_WHAT THIS TASK INVOLVES_.
Lines from the one with "These joggers are" up to and including the one with "Celine Tan Medium Triomphe Folco Bag" are to be copied exactly from the records below, without their pictures.

_STORED DATA_.
• • • • • • •
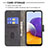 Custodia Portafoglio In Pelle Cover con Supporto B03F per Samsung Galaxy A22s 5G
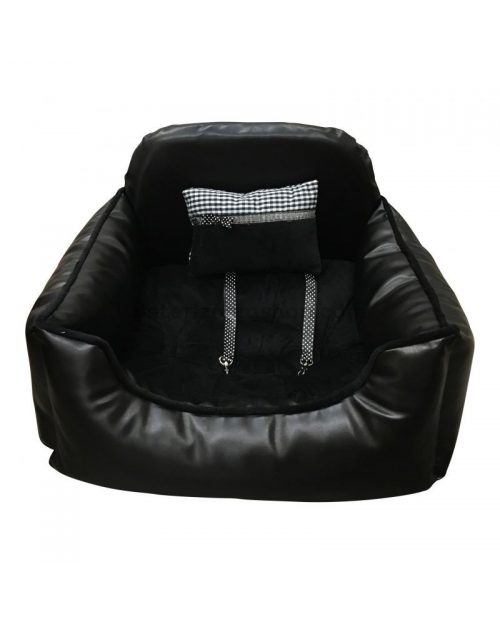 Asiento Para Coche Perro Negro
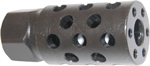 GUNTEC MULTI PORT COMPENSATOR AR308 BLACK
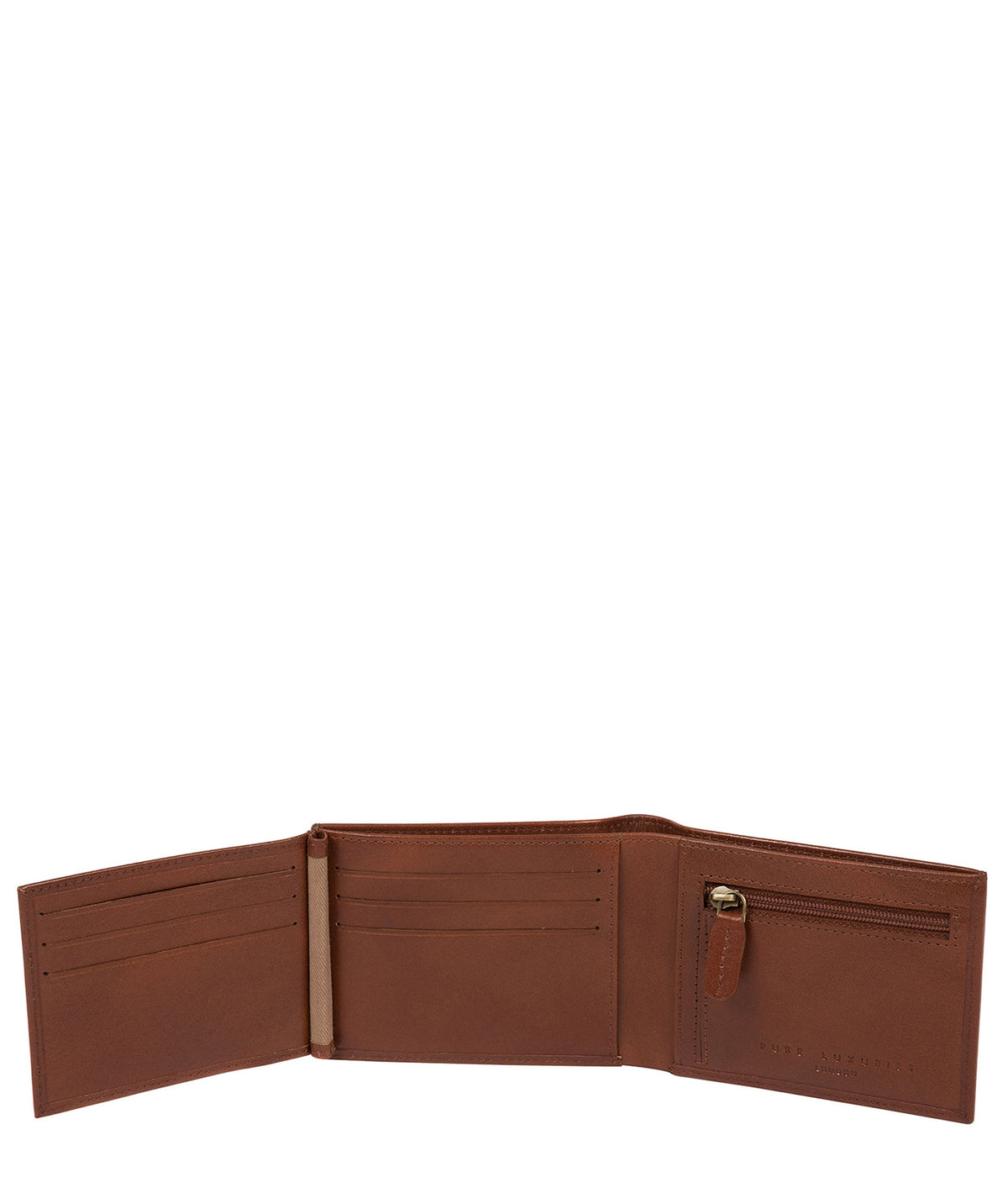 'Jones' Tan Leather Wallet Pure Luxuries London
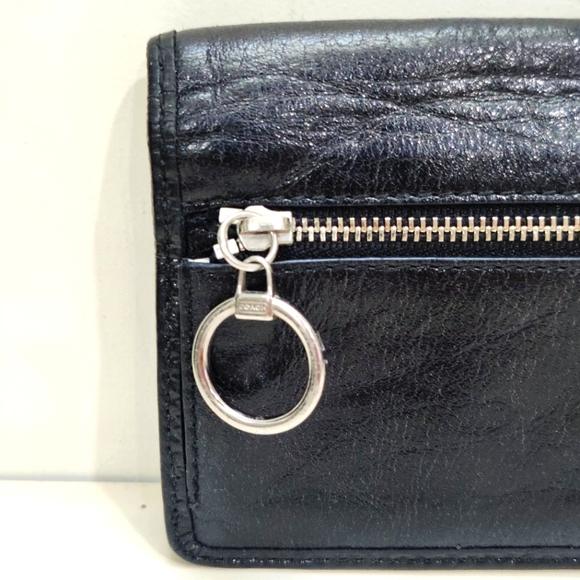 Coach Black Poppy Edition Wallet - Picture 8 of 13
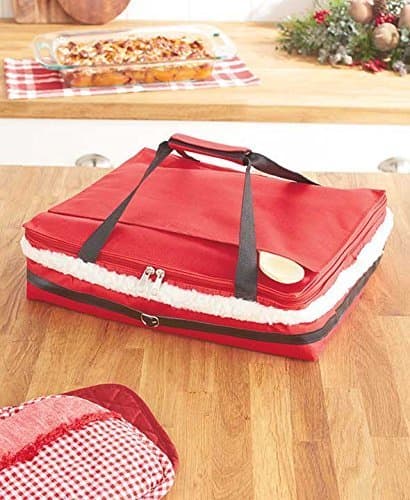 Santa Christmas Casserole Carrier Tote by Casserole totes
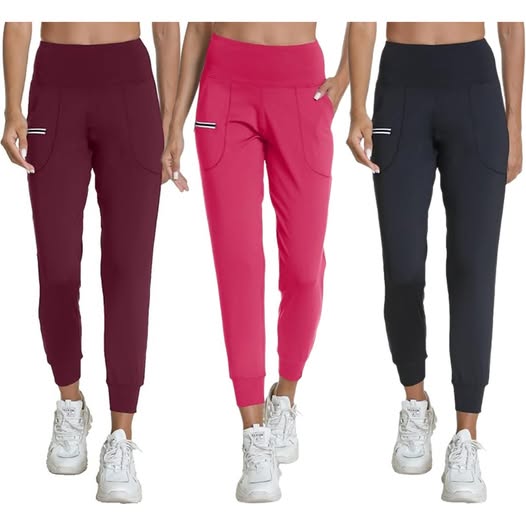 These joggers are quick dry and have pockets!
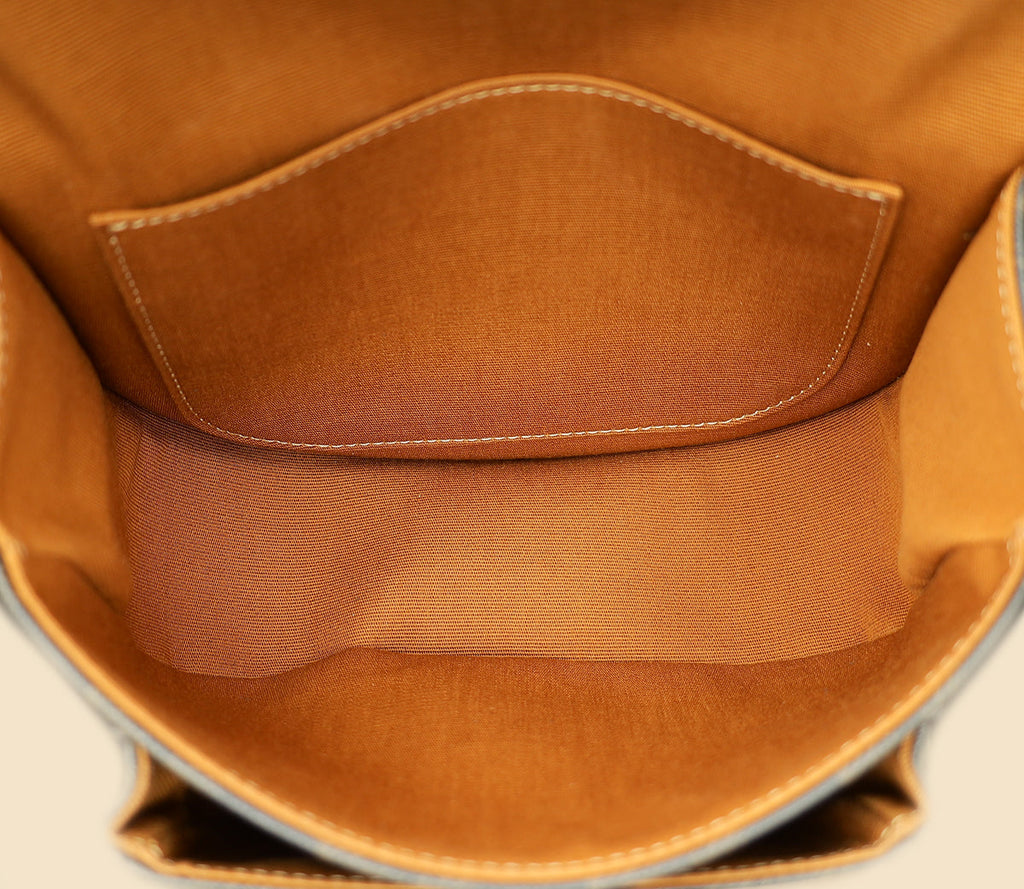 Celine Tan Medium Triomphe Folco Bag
• • • • • • •
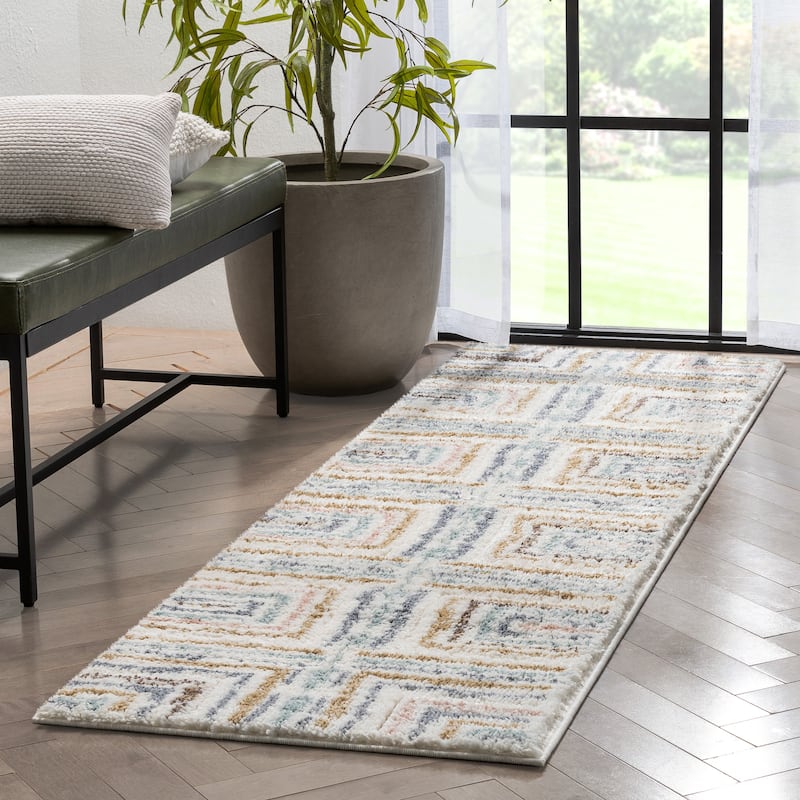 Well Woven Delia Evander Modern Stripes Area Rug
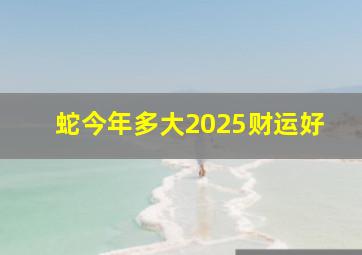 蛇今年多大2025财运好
• • • • • • •
_OUTPUT OF THE EXERCISE_.
 These joggers are quick dry and have pockets!
 Celine Tan Medium Triomphe Folco Bag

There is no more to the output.